(WHAT IS EXPECTED):
The result should be a word-for-word retyping of the entries below, free of pictures.

(Records drawn from a dataset):
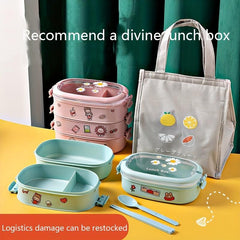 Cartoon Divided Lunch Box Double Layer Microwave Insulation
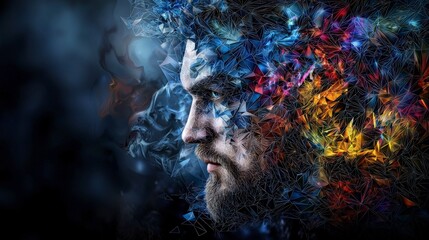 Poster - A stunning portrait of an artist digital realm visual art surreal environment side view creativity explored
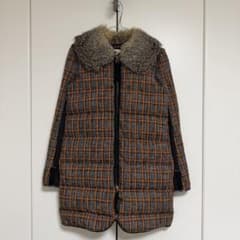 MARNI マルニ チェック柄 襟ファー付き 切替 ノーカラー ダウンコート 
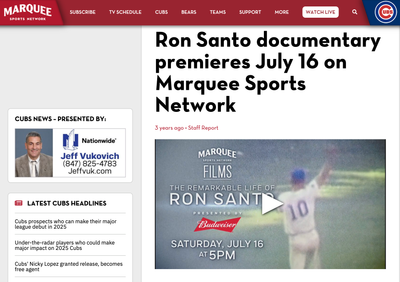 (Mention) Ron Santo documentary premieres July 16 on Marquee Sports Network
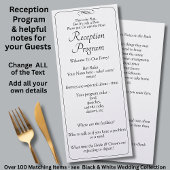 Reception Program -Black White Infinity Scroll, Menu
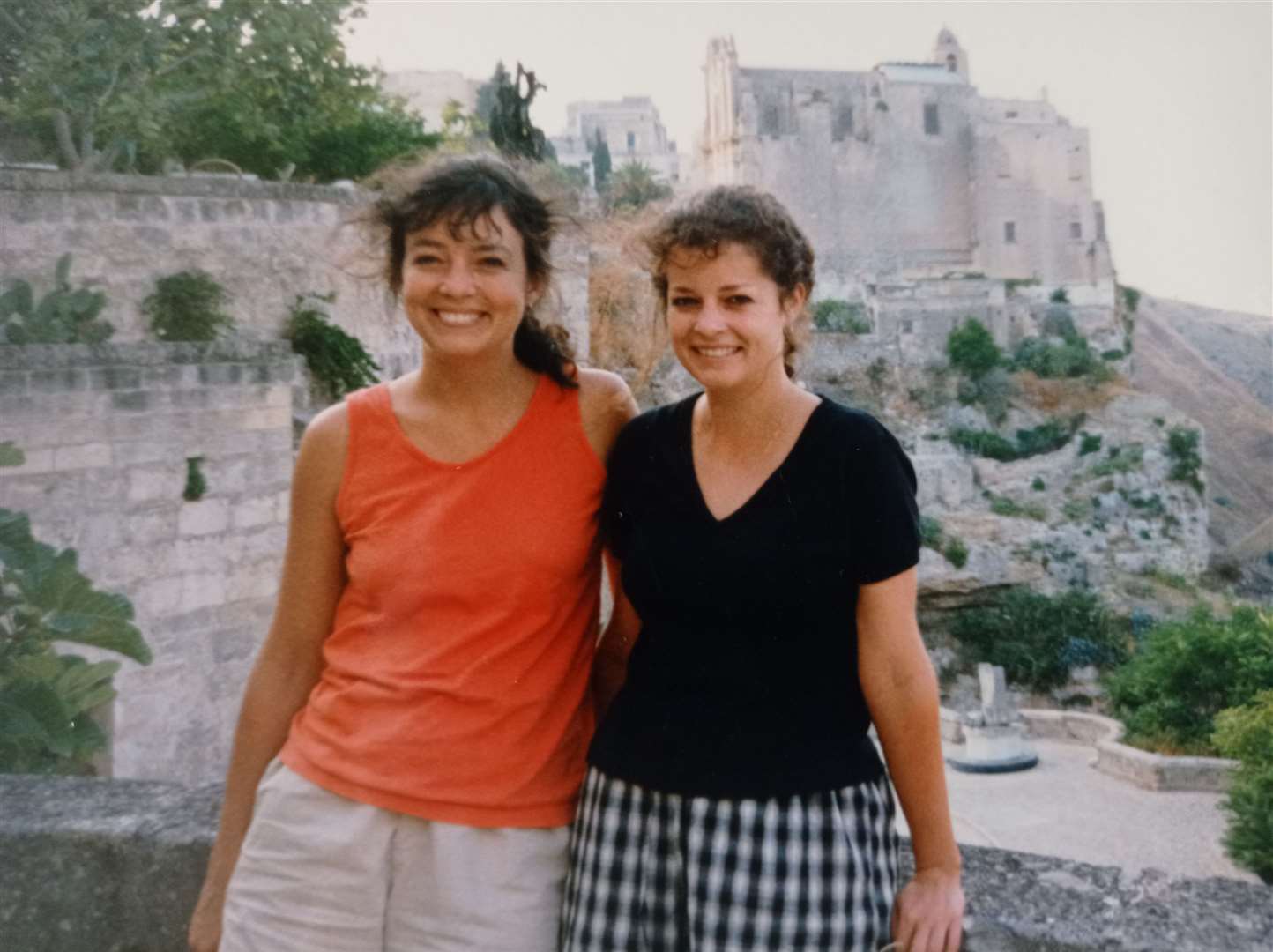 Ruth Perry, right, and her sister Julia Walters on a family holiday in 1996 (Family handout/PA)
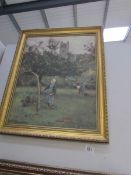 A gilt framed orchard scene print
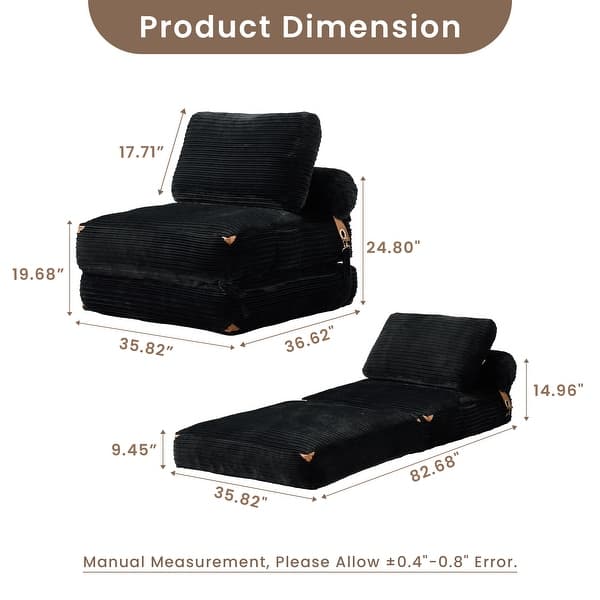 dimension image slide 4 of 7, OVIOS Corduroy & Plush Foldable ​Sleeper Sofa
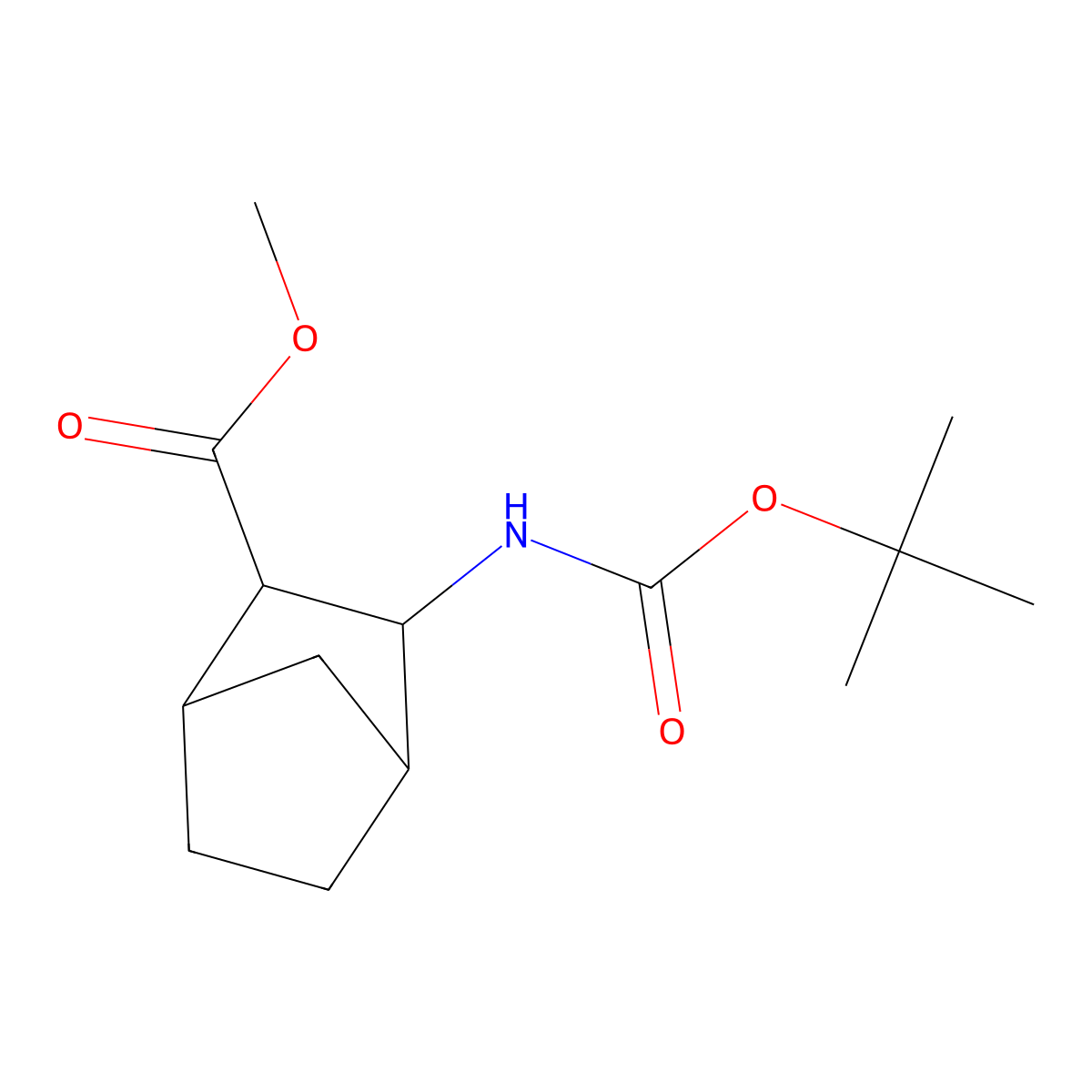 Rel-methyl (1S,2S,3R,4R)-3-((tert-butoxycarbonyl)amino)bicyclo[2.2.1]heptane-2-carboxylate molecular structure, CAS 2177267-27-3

(RESPONSE TO THIS TASK):
 Cartoon Divided Lunch Box Double Layer Microwave Insulation
 Poster - A stunning portrait of an artist digital realm visual art surreal environment side view creativity explored
 MARNI マルニ チェック柄 襟ファー付き 切替 ノーカラー ダウンコート 
 (Mention) Ron Santo documentary premieres July 16 on Marquee Sports Network
 Reception Program -Black White Infinity Scroll, Menu
 Ruth Perry, right, and her sister Julia Walters on a family holiday in 1996 (Family handout/PA)
 A gilt framed orchard scene print
 dimension image slide 4 of 7, OVIOS Corduroy & Plush Foldable ​Sleeper Sofa
 Rel-methyl (1S,2S,3R,4R)-3-((tert-butoxycarbonyl)amino)bicyclo[2.2.1]heptane-2-carboxylate molecular structure, CAS 2177267-27-3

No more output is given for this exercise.